Facebook, Notifications, and Email Hacking
Recently the Facebook iPhone App added support for delivering push notifications. They are fantastic.
This is the perfect use case for push notifications, because there is a fundamental difference between a “notification” and a “message.” A message is something I usually have to act on. A notification is just an “oh, by the way…”
Here’s the problem with confusing the two:
OK Facebook, I get it. People are doing things on Facebook. Thanks!
Sending notifications through email is basically hacking the email system. I certainly want to know when Bob comments on my status, but I don’t want that information in what is basically a throwaway email. Email is designed for messages.
Now that I have push notifications, I can finally stop this constant emailing. Can’t I?
Sounds easy! Let’s just click that (awesomely obfuscated) link and I’m sure we’ll find a simple checkbox to turn off the oh my god…
OK, deep breath. I can do this.
Do I want an email when someone “Sends me a message?” Well, yes, of course, that’s what email is for. Check.

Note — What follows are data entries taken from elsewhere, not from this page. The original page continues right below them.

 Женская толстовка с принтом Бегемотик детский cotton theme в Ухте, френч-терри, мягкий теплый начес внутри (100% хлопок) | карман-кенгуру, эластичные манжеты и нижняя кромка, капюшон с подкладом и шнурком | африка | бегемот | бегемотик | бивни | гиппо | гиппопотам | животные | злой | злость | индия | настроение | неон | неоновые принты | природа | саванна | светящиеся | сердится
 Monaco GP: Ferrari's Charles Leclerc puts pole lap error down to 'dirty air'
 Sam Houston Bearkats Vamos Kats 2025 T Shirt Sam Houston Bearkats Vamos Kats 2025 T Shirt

Do I want an email when someone “Adds me as a friend?” OK, probably, this doesn’t happen very often anymore since everyone I ever knew growing up is accounted for. Check.
Do I want an email when someone “Posts on my Wall?” Hm. Well, now I have to think back to the sorts of things that people post on my wall. Sometimes it’s “Let’s get lunch today!” Other times it’s just fluff. I guess I should probably leave it on? Check.
No wait. I’m not actually making any progress here; I thought I came here to turn off email notifications? Everything just seems so important on this page…I mean, they wouldn’t give you so many options all at once if it wasn’t really necessary right?
What this page is, is basically a huge UI cop-out. They created it such that when you yell at them about spamming your inbox, they can direct you here and say “look, you have complete control over what we send you; this is your problem.”
I would much prefer that Facebook take a stand and make these decisions for me, for everyone, about what’s important and what’s not. What this page should look like is:
Notification Settings
And, of course, there will be cases where you’ll want to block very specific things, but Facebook already does a superb job of exposing that elsewhere, for instance on your newsfeed. You can silence particular apps (cough mafia wars), block people, whatever. And the UI for that appears right when you need it.
Just kidding Drew, you’re my boy, dawg.